Maka sebelum sampai rumah, saya meyempatkan diri mampir ke warung terdekat, sekedar membelikan wafer atau biscuit atau camilan kesukaan anak. Hanya keluar uang dua tiga ribu saja, tetapi bahwa cara ini terbukti manjur, membuat hati anak gembira dan berbunga-bunga.
Bukan tidak mungkin, ayah di mata anaknya, akan menjadi orang yang dinatikan kedatangannya dan menjadi sosok yang diharapkan kehadirannya.
Mungkin semasa anak masih kecil, ayah ditunggu karena oleh-olehnya, tetapi ketika beranjak dewasa, ayah ditunggu karena kehadiran untuk hal yang lain.
Â
Anak Menjelang Tidur
Lelah setelah seharian beraktivitas, biasanya diakhiri dengan menuju tempat peraduan, anak-anak sudah siap-siap di ranjang hangatnya. Ayah musti sempatkan waktu, lima sepuluh menit berbincang hal-hal yang menyenangkan sepanjang hari atau harapan masa mendatang.

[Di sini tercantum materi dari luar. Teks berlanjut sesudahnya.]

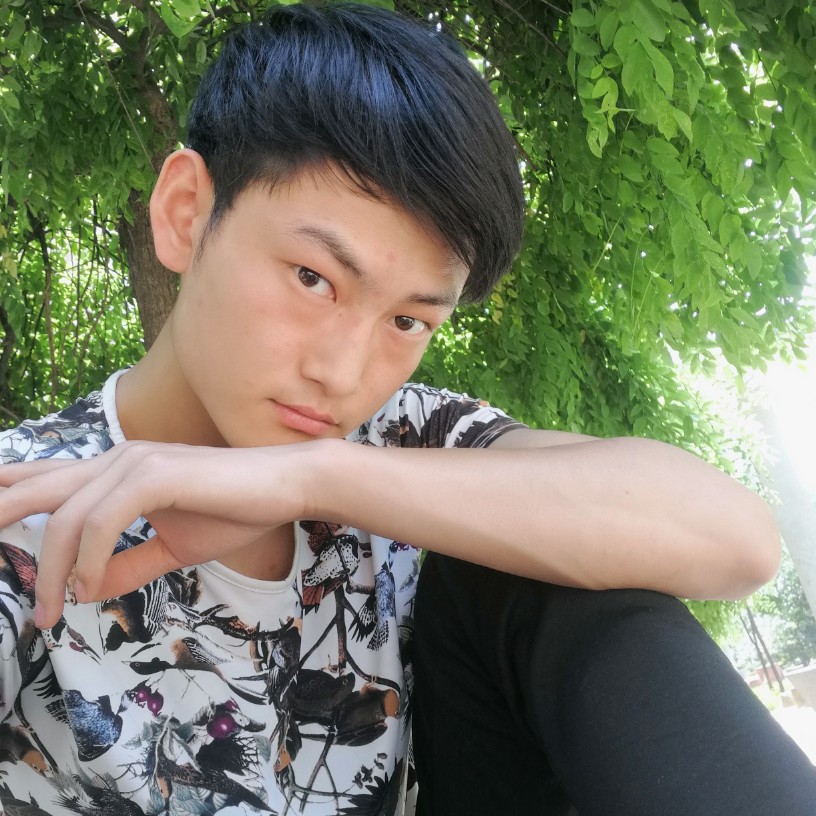 藏骨人的照片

Kalau anak masih balita, bisa didongengin dengan kisah-kisah sarat pesan, yang diambil dari kisah nabi atau orang hebat lainnya. Pesan pesan kebaikan, biarlah dibawa dalam tidurnya, menjadi mimpi yang akan memotivasi untuk mengejar di kemudian hari.
------
Para ayah dan ibu, demikian beberapa moment romantis yang mungkin kalian bisa dimanfaatkan untuk membangun kedekatan dengan anak. Kalau ternyata masih ada moment lain tak kalah romantis, monggo silakan menambahkan atau bisa membuat artikel lain untuk melengkapi.

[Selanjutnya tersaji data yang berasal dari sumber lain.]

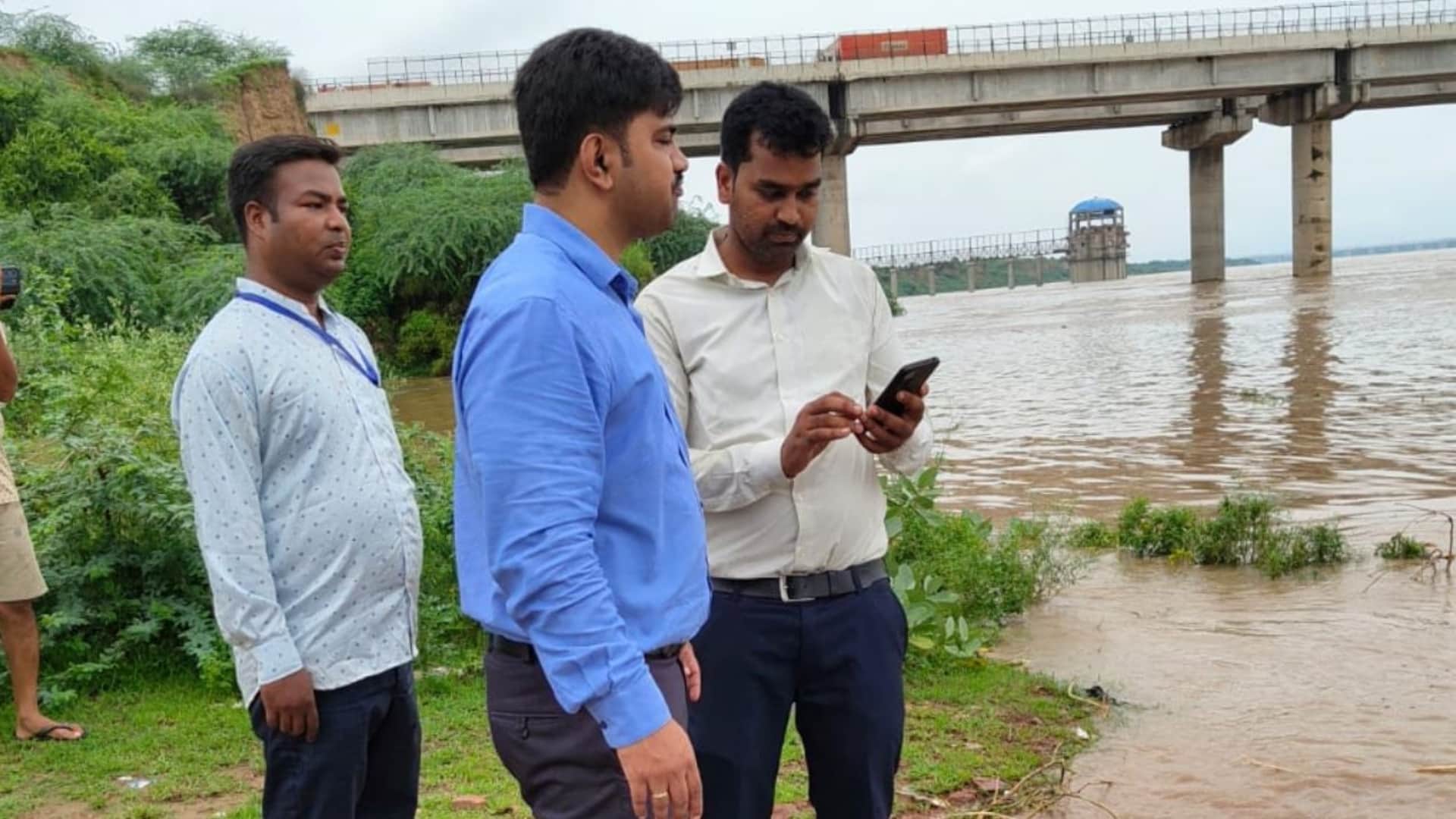 Rajasthan News: Heavy Rains Wash Away Culvert in Bodal, Disconnect MP Route, Railway Station Submerged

Masa kecil annak-anak itu berlaku sangat singkat, kita orangtua akan sadar setelah anak bertumbuh dan mulai menolak ajakan pergi bersama. Ketika anak-anak beranjak puber, secara alami dia akan mengarungi dunianya, mulai enggan sering-sering dengan orangtuanya.
Memanfaatkan kebersamaan semasa anak masih kecil, bisa menjadi strategi memupuk memori tentang si orangtua di mata anak. Sehingga ketika kelak mereka dewasa, orangtua adalah orang yang kali pertama dituju baik dalam lahir maupun batinnya.